The opposition leader is different from the whip; the whip is a member of the same party who is responsible for ensuring members vote along party lines when circumstances require. There is often a whip on the government side and also in the opposition. But it's usually not the leader. Anchoress 14:49, 30 October 2006 (UTC)
I'm no expert on Jamaica, but as for Cuba, it's a DICTATORSHIP, meaning that any semblance of parliamentary democracy is nothing but farcical window dressing, meant for those few who actually believe that the mere existence of a "parliament", on its own, has any meaning whatsoever. It never ceases to amaze me how so many actually lend credence to these mere trappings of democracy. I suppose Cuba has a parliamentary "whip" of sorts, only it isn't quite the metaphorical "whip" as exists in actual democracies, but rather a quite real, non-metaphorical "gun". Cuba's parliamentary "guns" are held quite snugly in the holsters beside Fidel Castro's hip, along with the hips of his most loyal supporters. Loomis 14:58, 30 October 2006 (UTC)
The Jamaican model is largely based on the British practice; so parliamentary whips are a well-established part of the whole political process. The term itself comes from fox hunting, where the 'whipper-in' made sure that the dogs were all working to the same ends. It only has value where there is an active party-political system, both government and opposition. Clearly this is not the case in Cuba, where the result of any given vote is known in advance. Also Cuba was only for the briefest of periods (1762-3) under British control, and therefore absorbed none of of its political or cultural traditions. Have a look at Parliamentary Whip for some general information on the subject. Clio the Muse 00:10, 31 October 2006 (UTC)
If the outcome of a vote is known in advance (assuming that is the case - I don't know), then what brings that about? There's only one party, but there are votes. So if they all vote the same then there must be a whip. Isn't that pretty much the definition of the term? Oh, and Loomis, a parliament is where politicians talk (parler). That doesn't necessarily have to be in a democracy. DirkvdM 07:57, 31 October 2006 (UTC)
There were also 'votes' in the Nazi Reichstag. For any Cuban MP to vote against the party line would be bold in the extreme. On an empirical point, and this is an empirical, not an ideological matter, there is no party whip in Cuba. There is no need for one, for the reasons I have already given. Clio the Muse 08:23, 31 October 2006 (UTC)

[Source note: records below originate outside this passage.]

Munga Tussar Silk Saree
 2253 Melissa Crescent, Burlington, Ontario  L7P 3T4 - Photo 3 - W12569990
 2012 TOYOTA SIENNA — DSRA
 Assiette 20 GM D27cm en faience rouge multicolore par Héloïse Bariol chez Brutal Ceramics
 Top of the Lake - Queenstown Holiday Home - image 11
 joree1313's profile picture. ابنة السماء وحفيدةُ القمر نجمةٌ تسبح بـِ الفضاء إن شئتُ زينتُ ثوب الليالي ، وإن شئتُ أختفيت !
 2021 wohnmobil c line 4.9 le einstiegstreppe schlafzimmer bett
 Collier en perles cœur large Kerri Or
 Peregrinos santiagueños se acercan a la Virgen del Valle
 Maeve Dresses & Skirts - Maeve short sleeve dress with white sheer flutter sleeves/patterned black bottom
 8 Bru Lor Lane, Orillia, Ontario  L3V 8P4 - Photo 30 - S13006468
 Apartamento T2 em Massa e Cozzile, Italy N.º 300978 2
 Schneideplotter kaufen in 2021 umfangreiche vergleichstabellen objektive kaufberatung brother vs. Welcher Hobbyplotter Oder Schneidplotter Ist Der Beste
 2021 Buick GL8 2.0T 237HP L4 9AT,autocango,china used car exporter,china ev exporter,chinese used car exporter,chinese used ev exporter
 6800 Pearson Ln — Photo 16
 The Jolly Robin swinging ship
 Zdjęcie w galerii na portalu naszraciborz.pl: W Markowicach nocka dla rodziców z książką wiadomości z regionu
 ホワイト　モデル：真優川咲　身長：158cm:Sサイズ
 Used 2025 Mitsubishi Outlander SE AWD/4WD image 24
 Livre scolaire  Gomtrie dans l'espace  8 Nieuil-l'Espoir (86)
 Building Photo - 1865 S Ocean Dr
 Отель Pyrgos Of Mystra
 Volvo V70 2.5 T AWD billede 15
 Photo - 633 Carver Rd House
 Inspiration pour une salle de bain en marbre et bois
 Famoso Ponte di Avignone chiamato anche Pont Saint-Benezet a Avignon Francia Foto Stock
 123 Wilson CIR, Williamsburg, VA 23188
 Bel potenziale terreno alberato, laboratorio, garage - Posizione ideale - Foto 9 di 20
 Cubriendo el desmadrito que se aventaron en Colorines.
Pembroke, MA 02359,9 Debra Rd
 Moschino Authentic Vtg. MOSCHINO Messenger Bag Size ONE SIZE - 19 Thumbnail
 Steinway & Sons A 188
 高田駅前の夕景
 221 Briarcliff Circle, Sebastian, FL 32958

Are you getting all semantic on me Dirk? In that case, an "Assembly" would merely be a place where people "Assemble" and a "Congress" would be merely a place where people "Congregate". Is that satisfactory to you? Is Parliament to you a place where people merely "talk"? Loomis 08:29, 31 October 2006 (UTC)
Loomis, you seemed to suggest that since Cuba is in a practical sense not a democracy, it can't have a parliament. That's all I reacted to. Clio, I meant to enquire into the meaning of a 'whip'. The article says that that is someone who makes sure that everyone in a party votes the same way, and that seems to be the case in Cuba. Or do you mean to say that because it is (inherently?) the system in stead of a person that one can not call it a whip? DirkvdM 12:29, 1 November 2006 (UTC)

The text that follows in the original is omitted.